= Solomon Gai =

Italian scholar (1600–1638)

Solomon Gai (1600 - August 1638) was an Italian scholar and hebraist. He was born and died in Mantua.

Gai is chiefly known as the correspondent and friend of Johannes Buxtorf II. In a letter which he wrote to Buxtorf from Mantua on November 6, 1637, Gai declared that he had emigrated to Botzen, a town in the South Tyrol, where he had become the tutor of the two sons of a rich man named Jacob Moravia. He studied German at Botzen, and after a stay of five years and a half returned to Mantua.
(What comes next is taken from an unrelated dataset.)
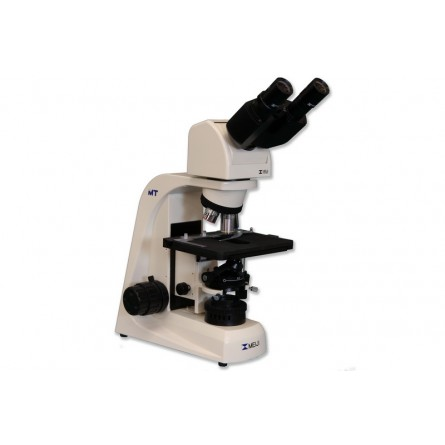 Ergonomic Bionocular/10X Eyepieces/Planachromat Objectives/Mechanical Stage/Abbe Condenser/Halogen, Meiji Techno America, MT-4200EH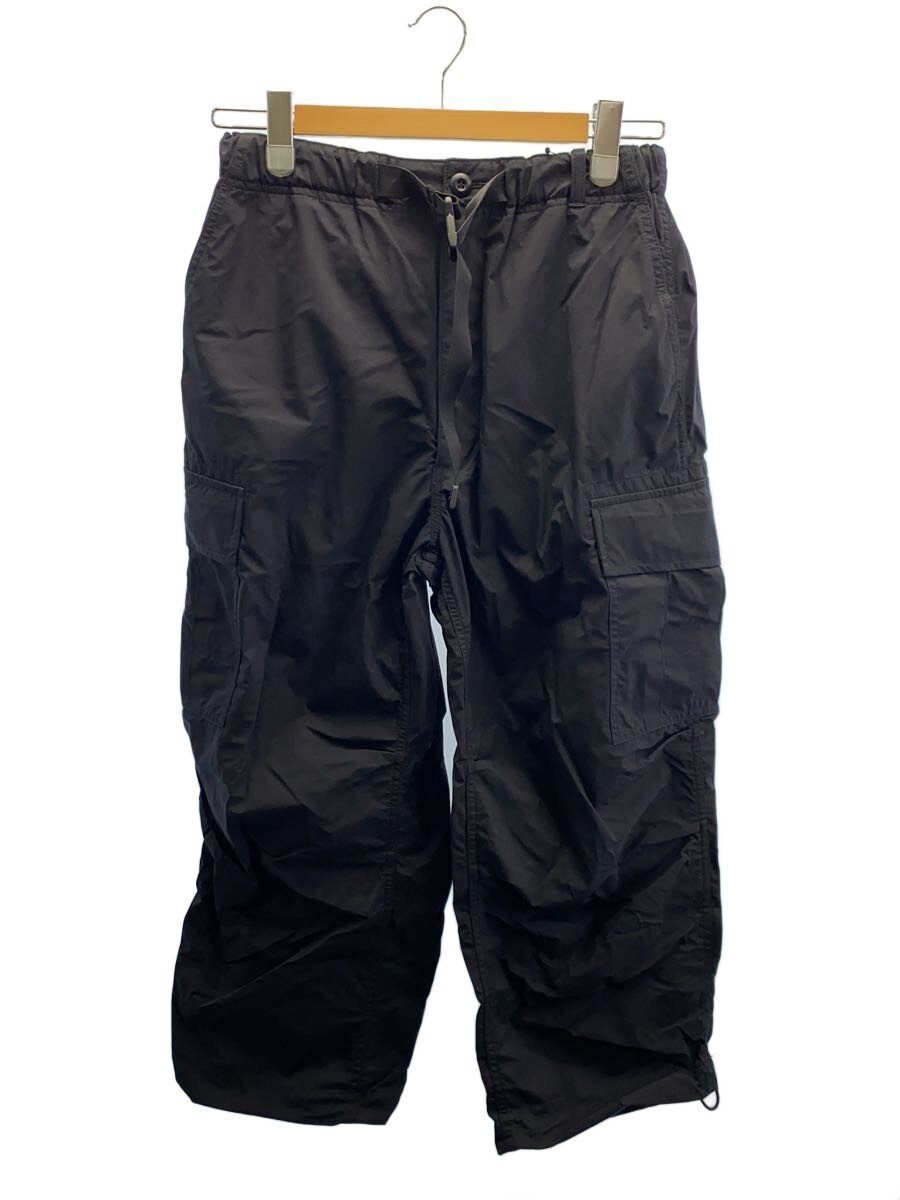 【中古】COMME des GARCONS HOMME◆カーゴパンツ/XS/ナイロン/黒いこと/HO-P004-051//【メンズウェア】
Buxtorf's Latin translation of the "Moreh" won Gai's admiration. Attributing the translation to Buxtorf the Elder, Gai wrote a letter expressing admiration for the father. Buxtorf explained to Gai that he himself was the translator, and sent him a copy of his dissertation "Diatribe" as a present. Gai wrote another letter to Buxtorf in Latin with a Hebrew introduction drawing his attention to works of which Buxtorf was unaware. Buxtorf subsequently commissioned Gai to purchase Hebrew books for him. Gai insisted particularly on obtaining Buxtorf's lexicons, as he planned to write a lexicon in collaboration with a cleric to whom he was giving Hebrew lessons.